J’espère continuer à te faire ressentir d’autres émotions à l’avenir.
Très belle continuation à toi !
RosePernot
Posté le 03/05/2025
Je suis complètement renversée par ce chapitre. On ressent tellement de choses … Tu arrives à faire passer des émotions tellement intenses c’est …. Wow ! J’ai même pas les mots, ce qui est plutôt étonnant pour une écrivaine en herbe :D ! On souffre avec les personnages, et en même temps je ne saurais comment expliquer mais j’ai l’impression de déjà connaître la scène. C’est incroyable ! La seule remarque que je peux te faire c’est une phrase sans verbe qui me paraît un peu bizarre : « Ahmad n’écoute qu’à moitié, trop fatigué pour rester concentré. Layla, un peu plus attentive. » J’aurais plutôt écrit ça comme ça : Layla est quant à elle un peu plus attentive. Ou un truc du style, tout dépend de ta vision de la phrase. En tout cas c’est vraiment juste génial, je crois que c’est mon chapitre préféré jusqu’à maintenant ! Belle continuation !!
Ardichi
Posté le 03/05/2025
Hé hé !
Si tu ne trouves pas les mots, c'est vraiment un honneur :) ne reste que le bruit du silence...

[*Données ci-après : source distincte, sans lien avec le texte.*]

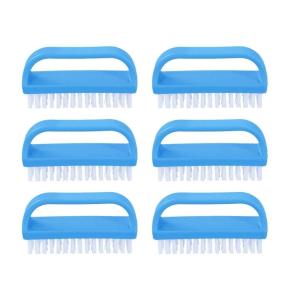 imageSuperio Nail Scrubber Brush Nail Brush for Cleaning Fingernails Hand and Toes Small Scrub Brush Hand Scrubber Fingernail Brush Cleaner with Handle Stiff Bristles 3 Pack6 Pack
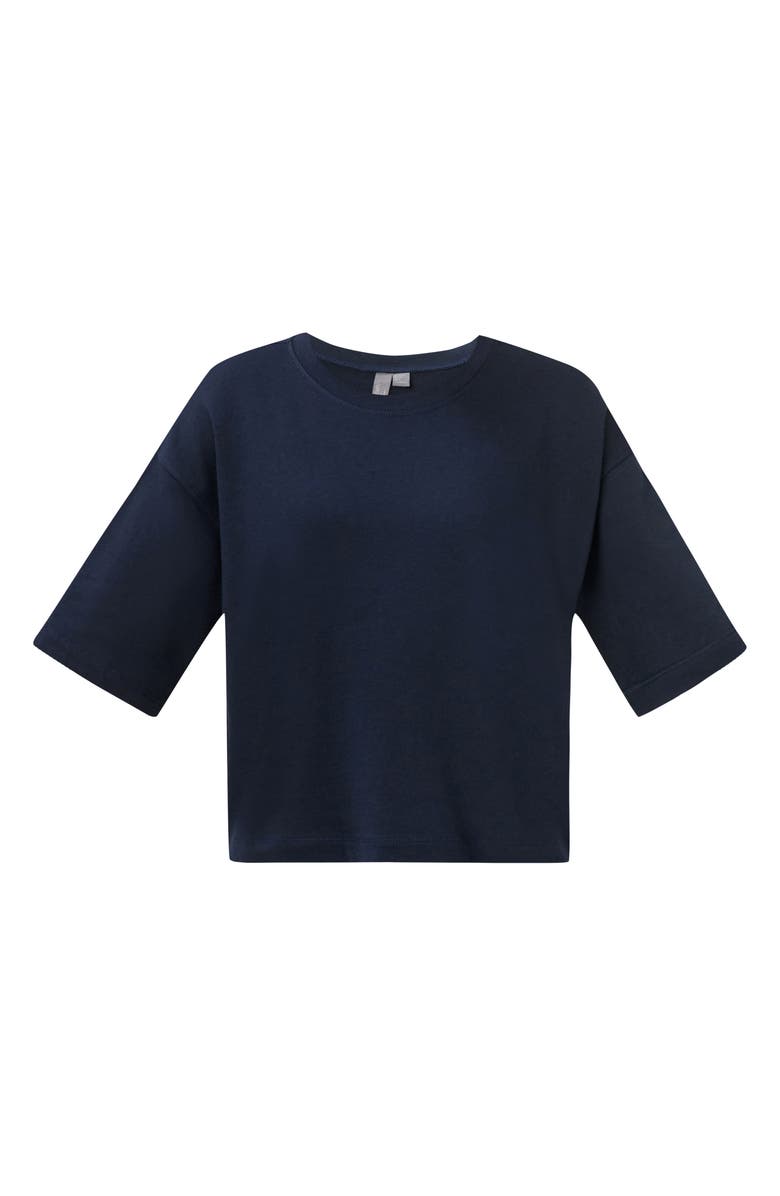 Sweaty Betty Short Sleeve Sweatshirt, Alternate, color, Navy Blue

Mais je te comprends, j'avais moi-même honte en écrivant la scène en classe.
#malaisant.
Je suis heureux que l'émotion soit passée, car j'ai retouché le passage avec Ahmad trop de fois, tantôt plus détaillé (mais ça perdait d'impact sous trop de mots), tantôt plus sobre (impactant mais ça n'allait pas suffisamment gratter l'intérieur de mon cœur).
Je me suis fixé aussi de ne pas dépasser les 2000 mots par chapitre, et là je suis à... 1998 ;).
Tu fais bien de me souligner cette phrase sans verbe, je devrais au moins mettre le verbe être effectivement. Ce n'est pas la première fois que j'écris des phrases sans verbe je pense, je ne fais pas trop attention à ce genre de détails (et pourtant, on apprend ça au CP non ?), j'écris à l'instinct.
Il est possible que cette impression de connaître la scène vienne de ma méthode d'avant écriture, je m'imagine chaque scène comme si je regardais un film ou une série (et j'en ai vu pas mal ;p), je me place dans la peau de chaque personnage pour ressentir cet instant, puis j'essaie de retranscrire tout ça comme je peux :)
Merci beaucoup en tout cas pour ton retour et ton ressenti, je suis vraiment content de ce que tu en dis (ton chapitre préféré) car j'y ai passé plus de temps que les autres, surtout la scène d'Ahmad à la fin.
J'espère que la suite sera à la hauteur des attentes, surtout après un chapitre autant chargé d'émotions.
Très belle continuation à toi aussi et encore un grand merci pour tout.